Un autre regard sur les paysan.ne.s du Larzac contre l’armée

Un autre regard sur les paysan.ne.s du Larzac contre l’armée

Le gouvernement avait décidé en 1970 de quadrupler la surface du champ de manœuvres militaire qui existe sur le plateau du Larzac depuis plus d’un siècle. Les 103 paysans concernés, tant les anciens que les néoruraux qui pratiquent l’élevage de brebis pour la production de roquefort se mobilisent immédiatement contre ce projet, autour du mot d’ordre  « Gardarem lo Larzac », « Nous garderons le Larzac ».

Dès les premiers rassemblements de 1971, ils sont soutenus par les courants de la gauche autogestionnaire, et les courants radicaux de la paysannerie. Face à l’enquête d’utilité publique, ils multiplient les initiatives étendant les alliances dans tous les milieux de la gauche. Des comités d’action Larzac sont créés dans toute la France.
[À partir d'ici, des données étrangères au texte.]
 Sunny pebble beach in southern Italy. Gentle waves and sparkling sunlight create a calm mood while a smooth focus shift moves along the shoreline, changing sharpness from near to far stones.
Les paysans combinent les actions sur tous les terrains, juridiques, légaux, illégaux, avec des actions spectaculaires permettant de médiatiser. Les moutons broutent sur le Champ de Mars à Paris, envahissent les tribunaux. Pour compliquer les projets de l’État et des promoteurs, ils divisent leurs terres en de multiples parcelles. Ils renvoient leurs livrets militaires, suivis par près de 3 000 Français. Ils invitent les contribuables à retirer les 3 % de l’impôt affectés à l’armée afin de les reverser à la lutte…

Le 10 juin 1973, ils commencent à bâtir la bergerie la Blaquière évidemment sans permis, qui sera le lieu d’accueil du rassemblement de 80 000 personnes en août. Un public intergénérationnel, mélange de milieux ouvriers, paysans, étudiants et intellectuels se retrouve dans une atmosphère joyeuse et politique. Une délégation des salariés de Lip en lutte contre les licenciements est venue de Besançon pour vendre les montres assemblées par les grévistes.

Cette mobilisation s’appuie sur la force du mouvement antimilitariste des années 70. En mars 73, Debré avait déclenché une vaste mobilisation lycéenne et étudiante avec l’annonce de la suppression des sursis au service militaire pour les plus de 21 ans qui leur permettait de faire plus tard leur service. « Faites labour, pas la guerre », arborent des T-shirts çà et là dans la foule.

Elle s’appuie également sur le rejet du centralisme parisien en lien avec les mouvements régionalistes.

Cette mobilisation annonce les luttes écologiques des minorités et populations autochtones dans le monde. C’est ainsi que l’actrice amérindienne Sacheen Littlefeather (connue également sous le nom de « Petite Plume ») rejoint le rassemblement avec une délégation. « Nous voulons faire connaissance avec tous ceux qui dans un monde nouveau veulent faire exister leur culture. Nous livrons le même combat », explique celle qui s’est illustrée quelques mois plus tôt en refusant un Oscar pour protester contre le sort réservé au peuple amérindien des États-Unis.

L’écologie n’est pas le thème le plus mis en avant sur le Larzac, elle est cependant bien là et annonce même si ce n’est pas encore vraiment conscient, l’idée du respect de l’animal, d’une agriculture paysanne qui est celle des paysans du Larzac en opposition à l’élevage industriel, à la monoculture et aux produits chimiques.

Après 1973, d’autres rassemblements suivront sur le plateau, fortement chargés de symbolique, réunissant chaque fois plus de monde : il y aura 1974, 1977… puis une nouvelle marche sur Paris en 1978, avant la victoire finale avec l’élection de François Mitterrand à la présidence de la République qui annonce, un mois plus tard, l’arrêt de l’extension du camp militaire.

Après cette victoire, la lutte continue, contre la mondialisation néolibérale, les décisions de l’Organisation mondiale du commerce (OMC).

En 2000, pour faire suite au démontage du MacDo de Millau un an plus tôt, un grand rassemblement accueille plus de 100 000 personnes au pied du causse. Puis en 2003, c’est 300 000 personnes qui sont au rendez-vous, parce que « D’autres mondes sont possibles » : c’est la grande époque de l’altermondialisme.

Le Larzac a été une terre de luttes et d’inventions dont se sont réclamés les zadistes de Notre-Dame-Des-Landes et qui porte encore les traces de ses combats. C’est encore aujourd’hui un endroit en France, où l’accès au foncier agricole est géré collectivement et démocratiquement afin de favoriser les jeunes installations.